Go to the line that contains "Um animal entre pilastras de uma rua". Restate that line and each one after it exactly, through the end of the records, without pictures.

** Task material follows **

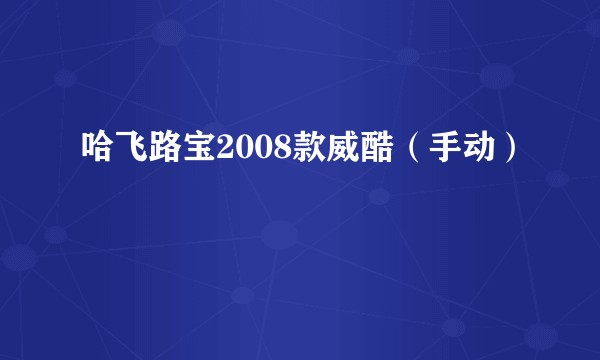 哈飞路宝2008款威酷(手动)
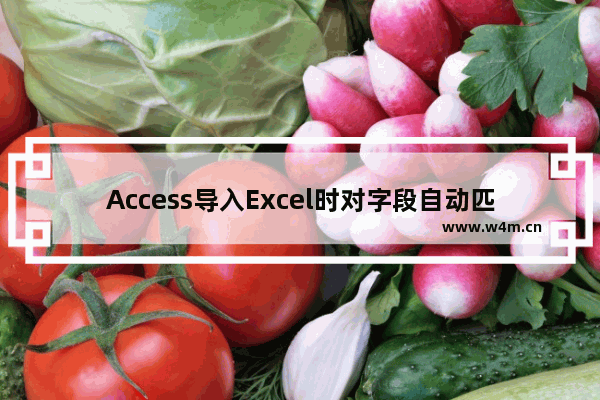 Access导入Excel时对字段自动匹配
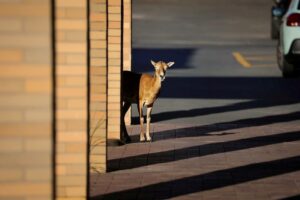 Um animal entre pilastras de uma rua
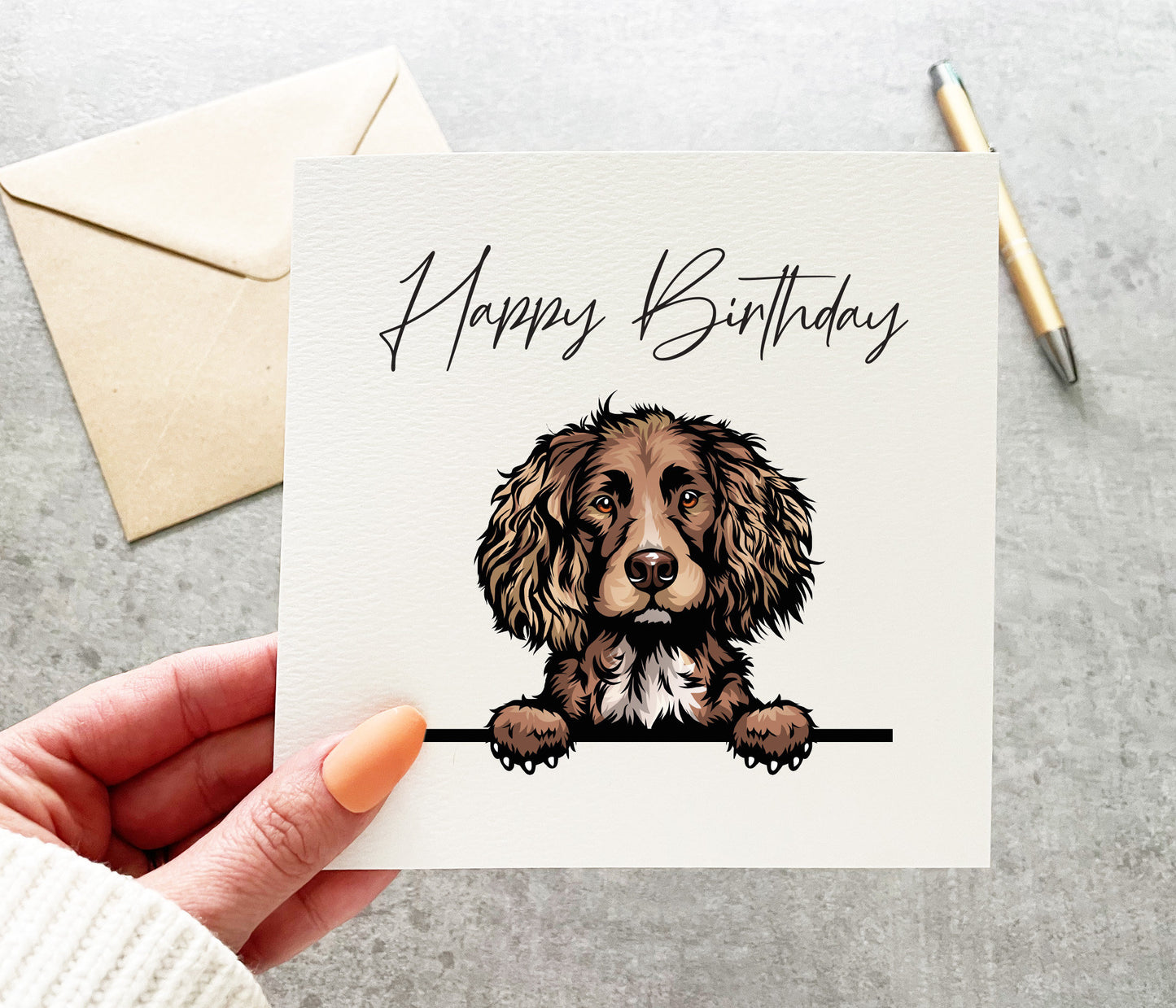 Chocolate Spaniel Birthday Card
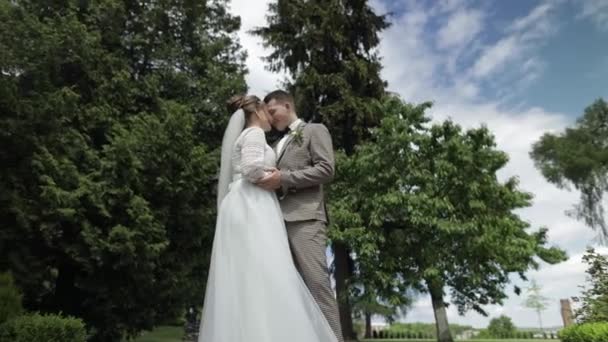Novomanželé. Bělošský ženich s nevěstou procházející se v parku. Svatební pár. Muž a žena v lásce — Stock video
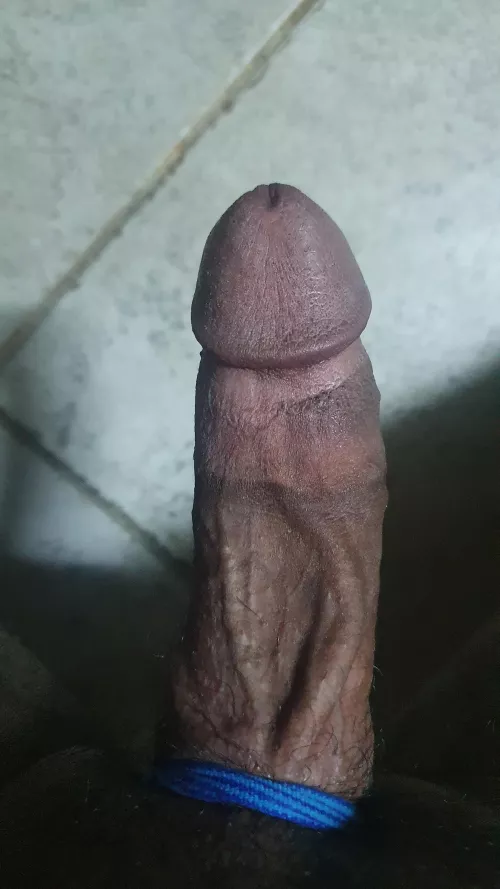 I want to get use by msmoker121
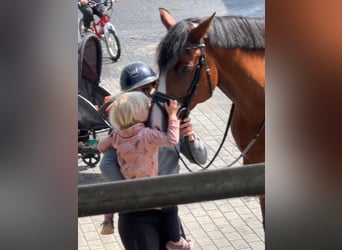 Holstein, Giumenta, 7 Anni, 166 cm, Baio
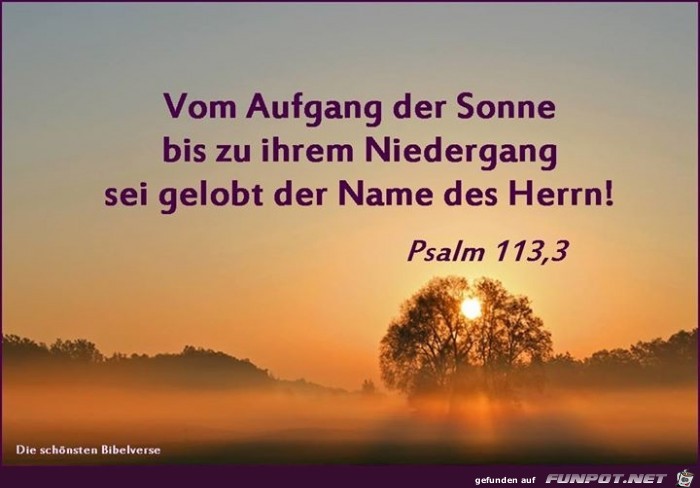 Psalm 113 3
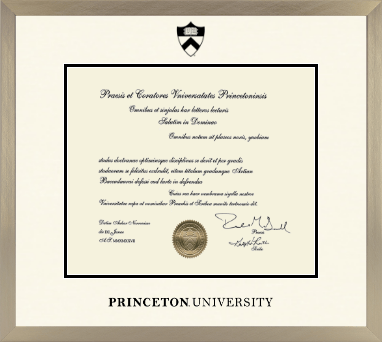 Princeton University diploma frame - Icon in Light Champagne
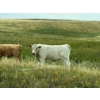 Image 8 : Douglass Cattle Co. - 570# November Delivery Steer Calves - 85 Head (Finnegan, AB)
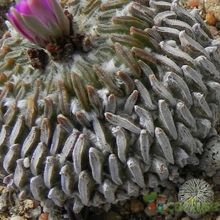 Una foto de Pelecyphora aselliformis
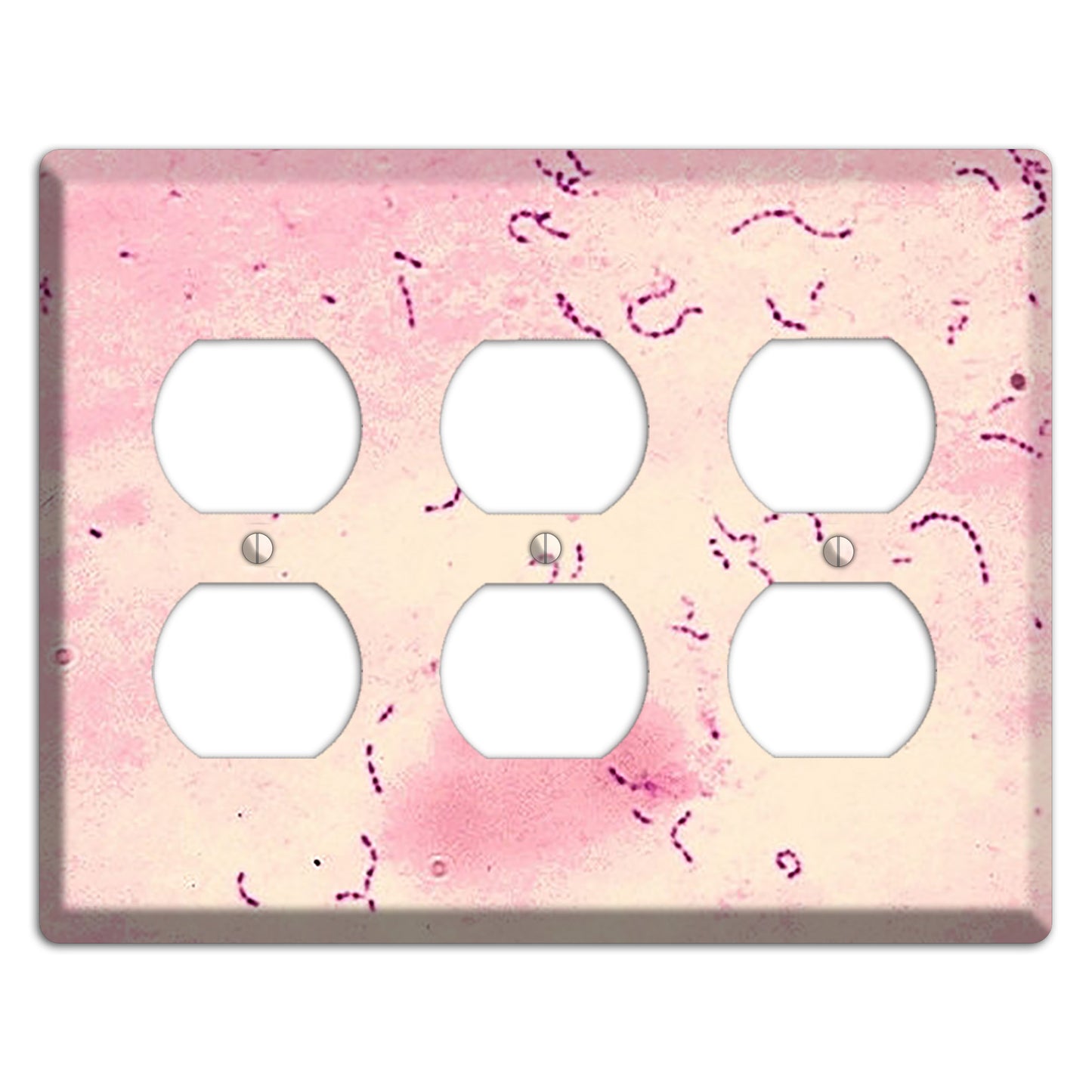 Streptococcus Mutans 3 Duplex Wallplate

** End of Task material **

= Written response =
 Um animal entre pilastras de uma rua
 Chocolate Spaniel Birthday Card
Novomanželé. Bělošský ženich s nevěstou procházející se v parku. Svatební pár. Muž a žena v lásce — Stock video
 I want to get use by msmoker121
 Holstein, Giumenta, 7 Anni, 166 cm, Baio
 Psalm 113 3
 Princeton University diploma frame - Icon in Light Champagne
 Image 8 : Douglass Cattle Co. - 570# November Delivery Steer Calves - 85 Head (Finnegan, AB)
 Una foto de Pelecyphora aselliformis
 Streptococcus Mutans 3 Duplex Wallplate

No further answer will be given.